Key Rights the NCA Gives You
Affordability Assessment
Before granting credit, a registered credit provider must conduct an affordability assessment to determine whether you can reasonably afford the repayments. If they grant credit without this assessment, or ignore the assessment's result, this is reckless credit extension — which is illegal.
Reckless Lending
If you can demonstrate that credit was extended recklessly — without an affordability assessment, or in circumstances where the assessment should have shown you could not afford the credit — a court can declare the agreement reckless and set aside (or suspend) your repayment obligation.

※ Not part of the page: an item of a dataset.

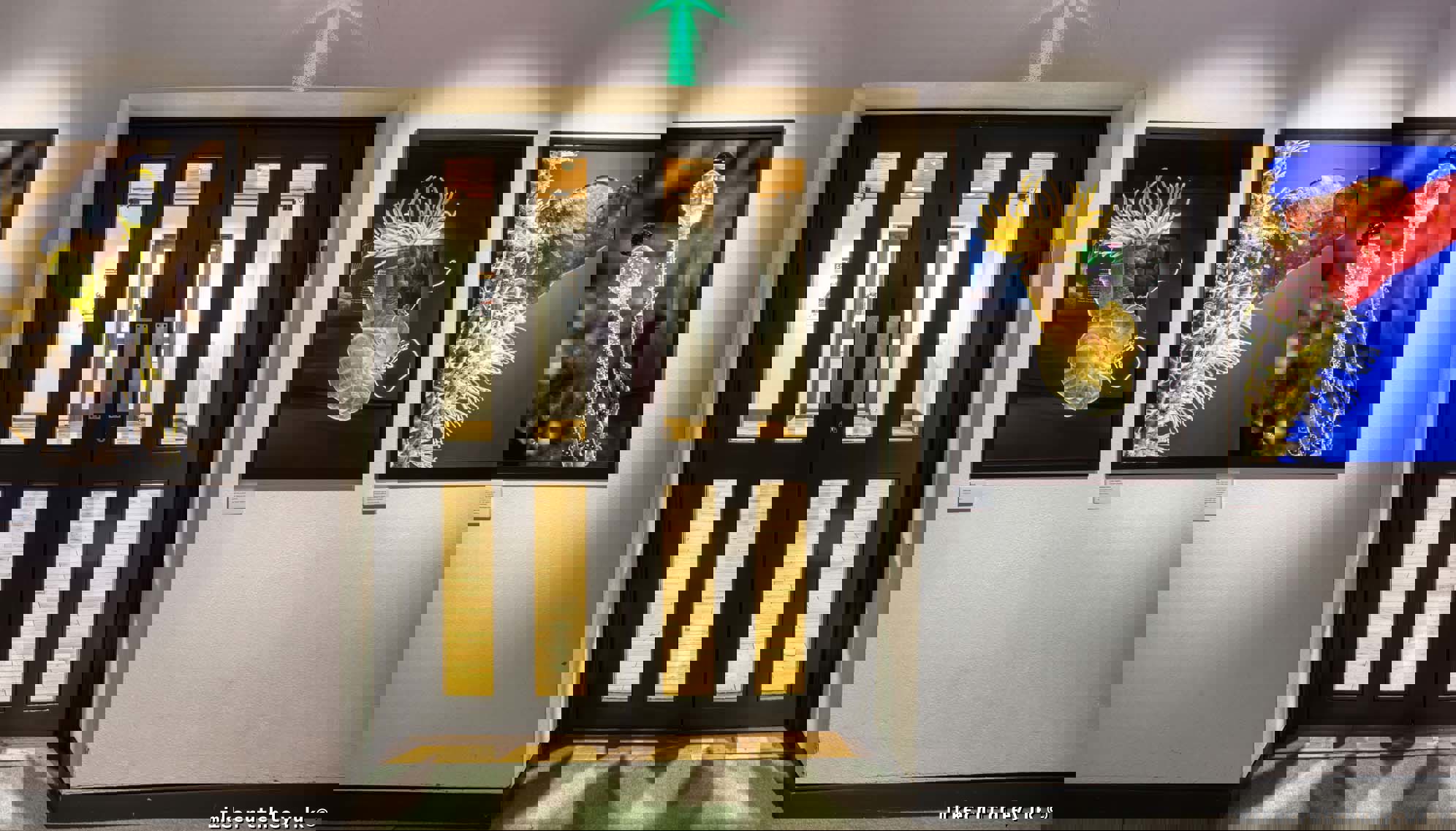 Exhibition entrance doors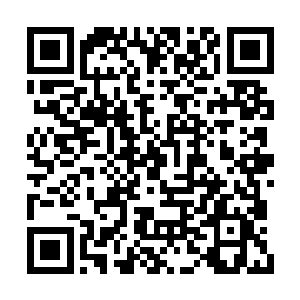 山谷中只剩下圆胖嗷了一声之后连绵不绝的回响二维码生成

This is a significant right that can provide relief from genuinely unaffordable credit.
Section 129 Notice and Debt Review Rights
Before a credit provider can take legal action against you for default, they must send a Section 129 notice giving you the opportunity to seek debt review, dispute resolution, or mediation. This gives you a formal window to address the debt before legal action proceeds.
Debt review (debt counselling) under the NCA restructures all your debts into a single affordable monthly payment administered by a registered debt counsellor. While under debt review, no creditor can institute legal action against you for the covered debts, provided you make the restructured payments.
Interest Rate Caps
The NCA caps the maximum interest rate credit providers can charge. The cap is linked to the repo rate and varies by credit type. As of 2026:
- Mortgage agreements: repo rate + 12% per annum (currently approximately 19.75%)

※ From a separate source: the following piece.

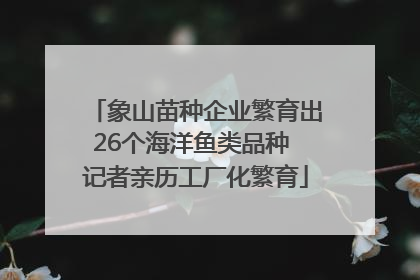 象山苗种企业繁育出26个海洋鱼类品种 记者亲历工厂化繁育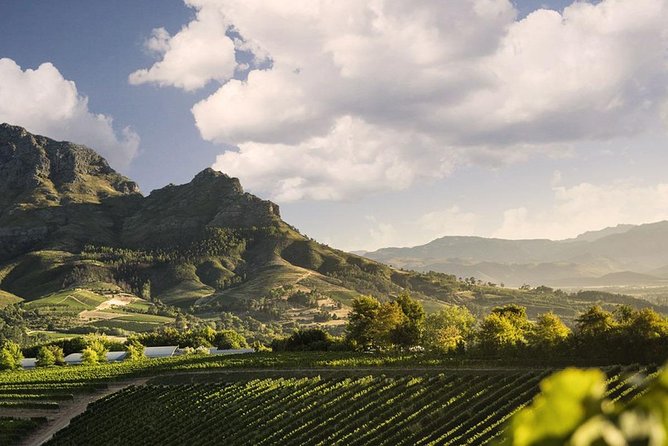 Taste + Tram the Winelands Tour: Franschhoek, Stellenbosch, Paarl - Franschhoek gives you time to choose lunch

- Credit facilities (credit cards, store accounts): repo rate + 14%
- Unsecured loans and personal loans: repo rate + 21%
- Short-term loans (payday): 5% per month (60% per annum)
- Developmental credit (microfinance): repo rate + 27%
Any credit agreement charging above these caps violates the NCA. Report excessive interest charges to the National Credit Regulator.
Fee Caps
The NCA limits the fees a credit provider can charge: initiation fees (capped by the Act), monthly service fees (capped at R69 per month as of 2026), and collection costs. Credit life insurance premiums are also regulated.
Prescribed Debt
Under the Prescription Act (not the NCA itself), a debt prescribes (expires) after three years from the date it became due, provided there has been no interruption (no acknowledgement of the debt by the debtor, no summons issued). After prescription, the creditor cannot legally collect the debt. Debt collectors who continue to pursue prescribed debt are acting improperly.
Credit Bureau Rights
The NCA gives you the right to a free annual credit report from each registered bureau, and the right to dispute inaccurate information. Bureaus must investigate disputes within 20 business days and correct verified inaccuracies.
Where to Get Help
The National Credit Regulator (ncr.org.za) enforces the NCA and handles complaints against credit providers. The Credit Ombud (creditombud.org.za) mediates between consumers and credit providers at no cost. Both are accessible and effective first steps before pursuing legal action.